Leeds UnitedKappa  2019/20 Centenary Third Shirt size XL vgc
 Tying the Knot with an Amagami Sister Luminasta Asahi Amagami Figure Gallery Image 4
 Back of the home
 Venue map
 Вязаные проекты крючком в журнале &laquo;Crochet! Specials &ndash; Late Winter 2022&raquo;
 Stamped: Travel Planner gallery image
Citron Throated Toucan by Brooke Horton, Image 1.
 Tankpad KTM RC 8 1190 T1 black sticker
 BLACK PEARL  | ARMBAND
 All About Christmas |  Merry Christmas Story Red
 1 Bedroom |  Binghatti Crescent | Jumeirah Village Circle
·····
*TASK ITEM*. Whatever the entries say, repeat all of them exactly.

*TASK RESULT*.
Leeds UnitedKappa  2019/20 Centenary Third Shirt size XL vgc
 Tying the Knot with an Amagami Sister Luminasta Asahi Amagami Figure Gallery Image 4
 Back of the home
 Venue map
 Вязаные проекты крючком в журнале &laquo;Crochet! Specials &ndash; Late Winter 2022&raquo;
 Stamped: Travel Planner gallery image
Citron Throated Toucan by Brooke Horton, Image 1.
 Tankpad KTM RC 8 1190 T1 black sticker
 BLACK PEARL  | ARMBAND
 All About Christmas |  Merry Christmas Story Red
 1 Bedroom |  Binghatti Crescent | Jumeirah Village Circle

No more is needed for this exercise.